By Salmna Yaqoob

The forthcoming 5th anniversary of the invasion of Iraq is an important milestone for me. With recent reports that up to one million people have suffered violent deaths, it sadly reaffirms the worst predictions of those of us who said this war would be a disaster.

It was also five years ago that my frustrations with mainstream parties prompted me to get involved in politics. At the time I felt they were not reflecting opposition to war and neo-liberalism. Nearly five years later the democratic deficit in British politics that drove that decision unfortunately remains.

While Brown talks about withdrawing troops from Iraq, a hidden war rages in Afghanistan. Iran faces the threat of attack, and the persecution of the Palestinian people continues unabated. Meanwhile our planet is literally burning up.

At home, free market madness is leaving its mark on new generations.

A Unicef report earlier this year listed Britain’s children as the unhappiest in Europe. The Samaritans report that five million people are “extremely stressed”. Binge drinking, drug abuse, violence and vandalism – have reached record levels.

Psychologist Oliver James highlights a doubling in rates of mental illness in both children and adults in Britain since the 1980’s.
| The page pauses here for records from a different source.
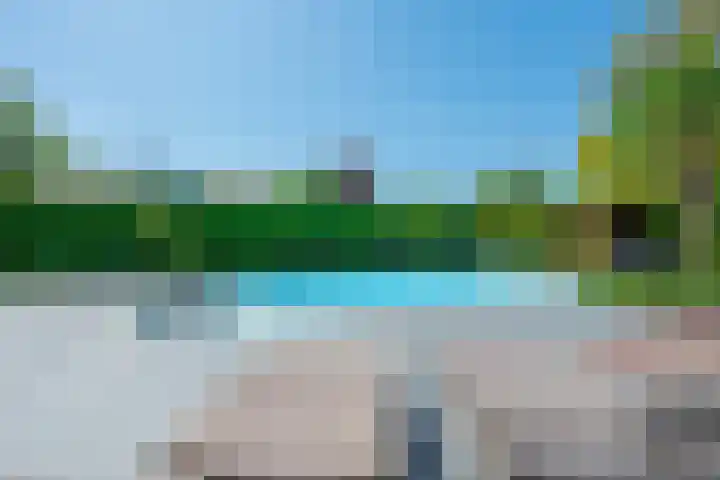 Marisplantsoen 3 Nieuwegein thumbnail 94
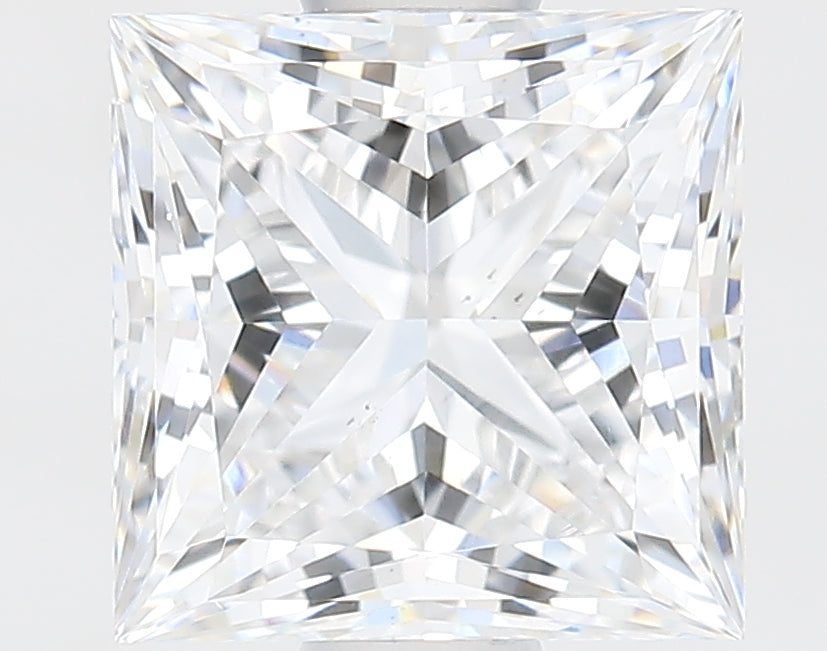 Princess Diamond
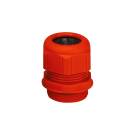 Кабельный ввод KVR M20-MGM/or | арт. 22762001 | Spelsberg  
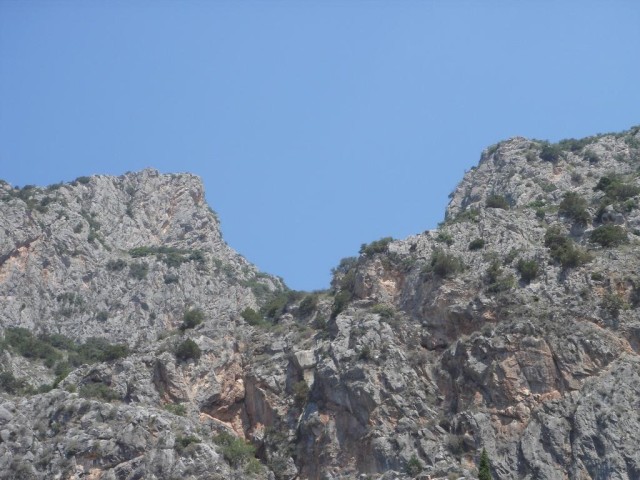 DSC03452.JPG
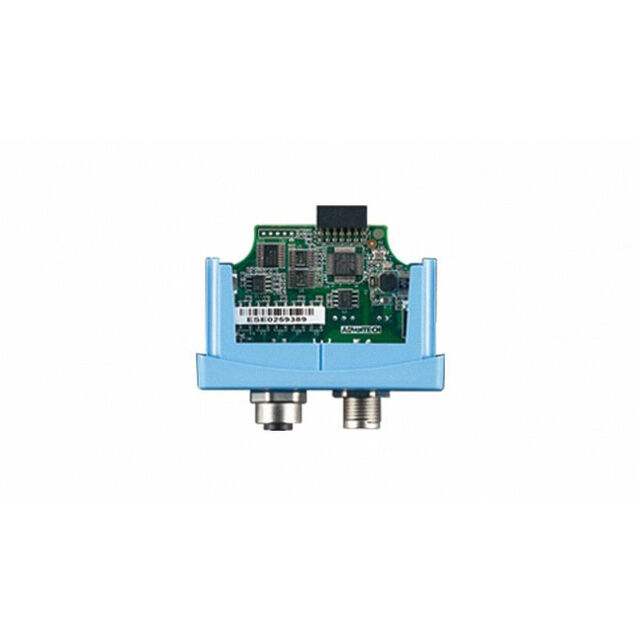 WISE-S472-A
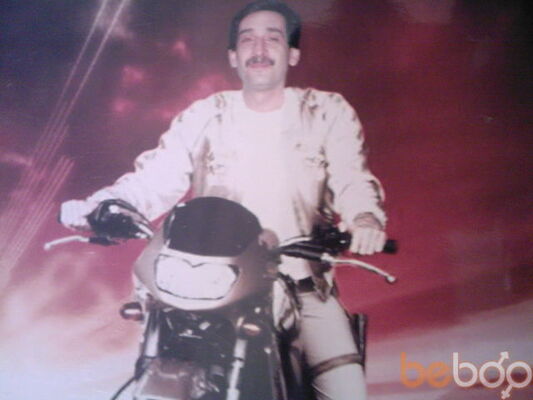  ,   Alex, 52 ,   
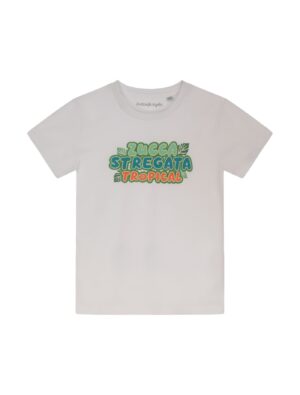 T-shirt bambino/a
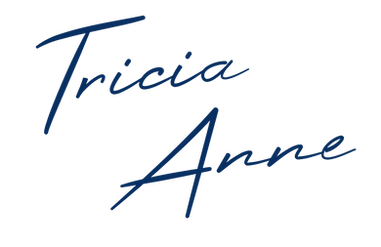 Tricia logo.png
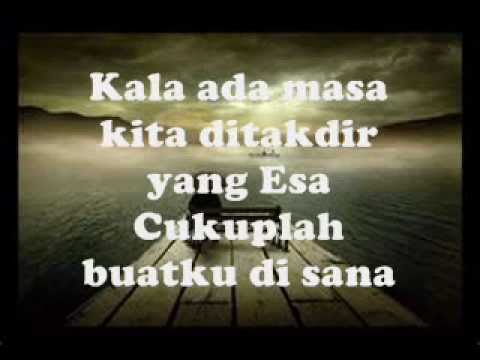 how to know oim version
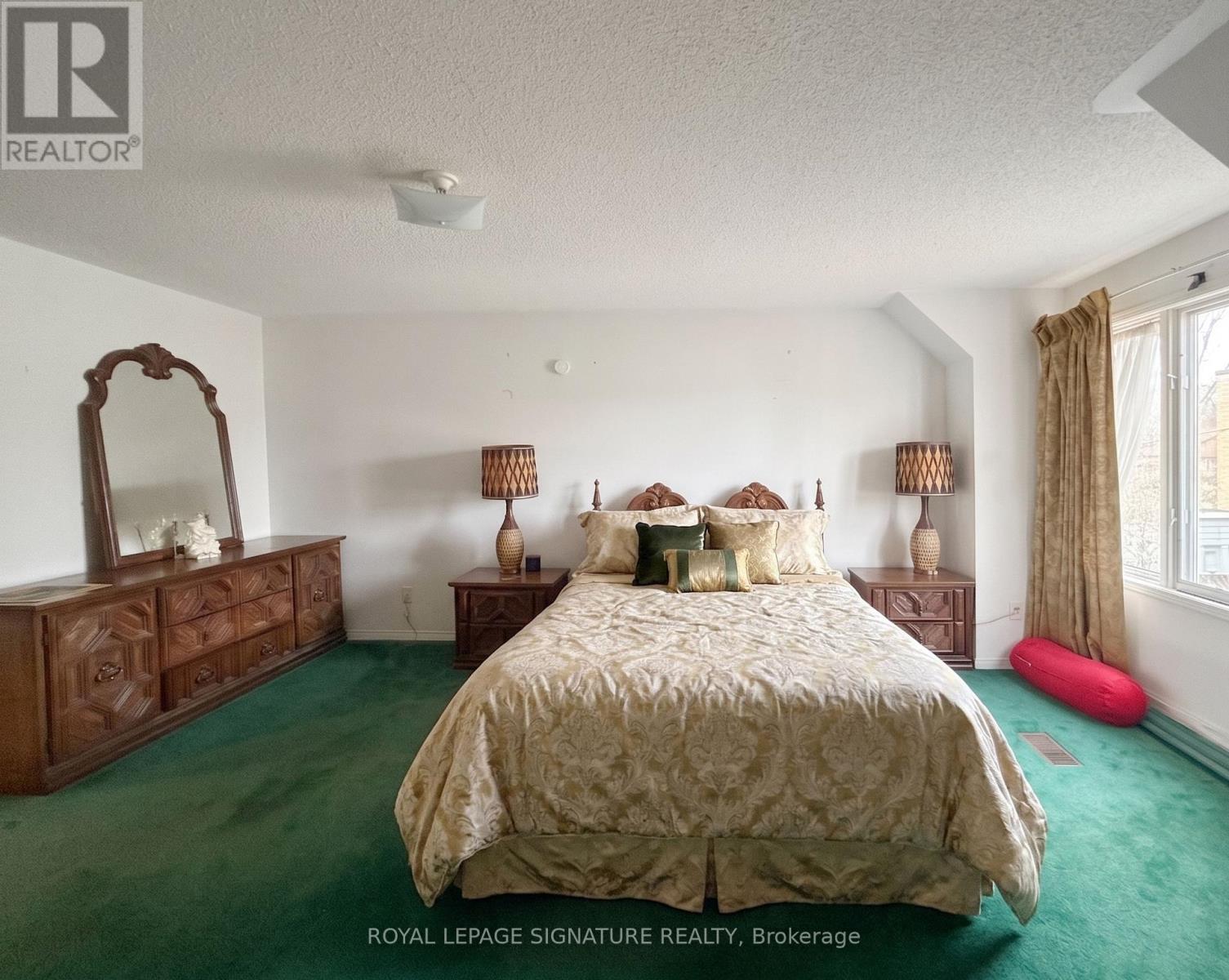 44 PARK STREET W, Mississauga (Port Credit), Ontario, L5H1G7 — Photo 16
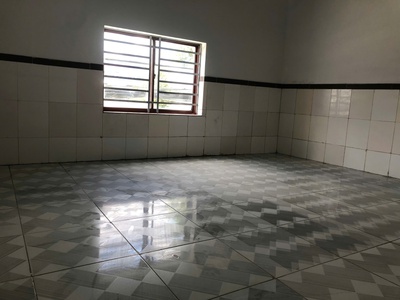 Nhà mặt tiền quốc lộ 51 - phú mỹ, giá tốt 2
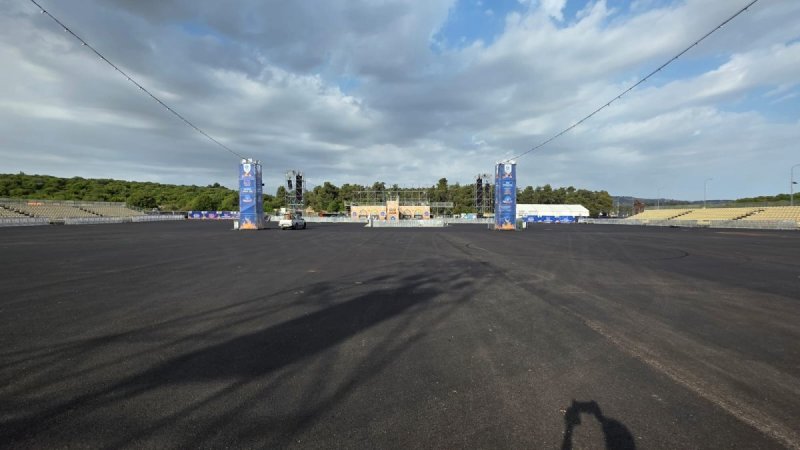 עזריאלי & טיפ הפקות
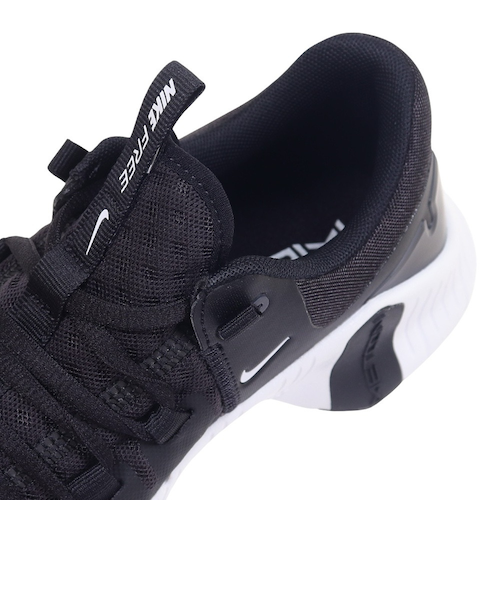 ナイキ（NIKE）ジムシューズ トレーニングシューズ フリー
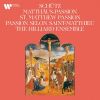 Download track Schütz: St Matthew Passion, SWV 479: Jesu Gefangennahme. 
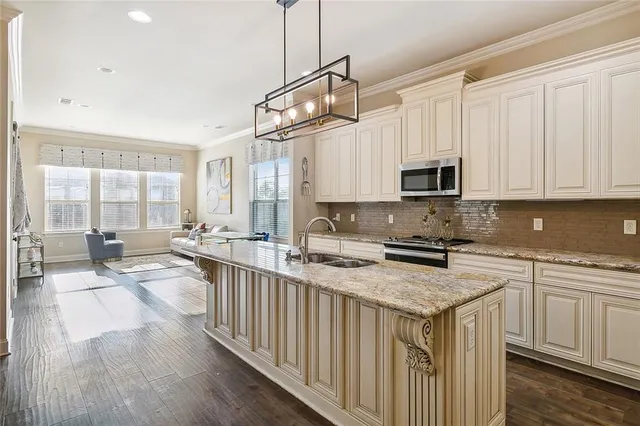 $378,000 | 1057 North Millet Street, Gramercy, LA 70052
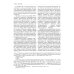 История России. В 20 т. Т. 4: Россия в  ХVI веке. Создание единого государства. Кн. 2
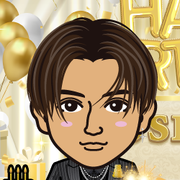 �䂤����������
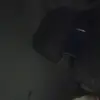 evie - @evielynch1111 - TikTok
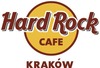 Hard Rock Cafe Krakow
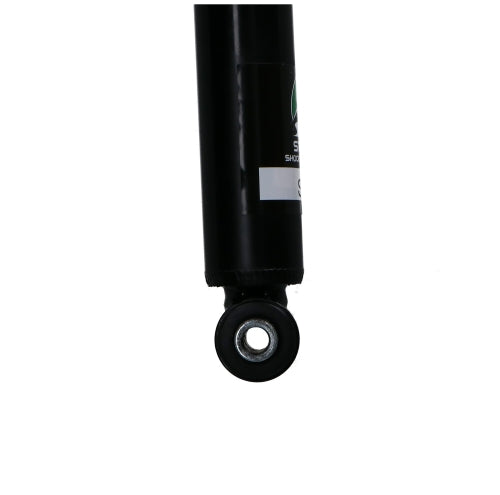 Par de Amortiguadores Traseros Mercedes Benz E200 W212 2010-2016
He describes how a society which is increasingly unequal, and increasing obsessed with placing a high value on money, possessions, appearances and fame, is increasingly insecure and unwell.

So, while over the past decade we have witnessed an unprecedented period of uninterrupted economic growth, our collective mental health and happiness has declined sharply.

And this is not surprising.

If we live in a society in which competition is increasingly in-built to every aspect of our lives from cradle to grave, our society will be more fractured, dysfunctional, unequal, unhappy and unsustainable.

Yet research reveals that people don’t want to live their lives like they are in some crazy rat race.

A recent study by the British Social Attitudes highlights that there has been a rise in the proportion of mothers who would like to spend more time parenting and less time working – up to 90%. Employer and government pressures prevent them from so doing.

There is a lot of talk in government circles about the need for a ‘national conversation about what ‘Britishness’ means in the 21st century.

If we are to have such a conversation, it would be well served by looking back to the future. The ideas of universal healthcare; living wages; participatory democracy; public services that are accountable to the people who use them; food, medicine and shelter as a human right; are not particularly radical ideas. They are common sense ideas enshrined in the UN Charter.

Add onto that list a foreign policy which places a premium on diplomacy and international cooperation, plus more decisive action on climate change, and there is the basis of a manifesto a sizeable slice of the British public would sign up to.

Yet these ideas are increasingly squeezed out of mainstream political discourse, helped by an undemocratic electoral system.

All them more reason for progressive voices to seek ways to work together so that we push forward the totality of the left, and not just our single part of it. And to do so in way that is genuinely open to new thinking, pluralistic and democratic.

It is with that aim in mind that George Galloway has floated the idea of a progressive list for the GLA elections. I hope we can approach elections elsewhere in the same spirit of seeking to unite progressive voices.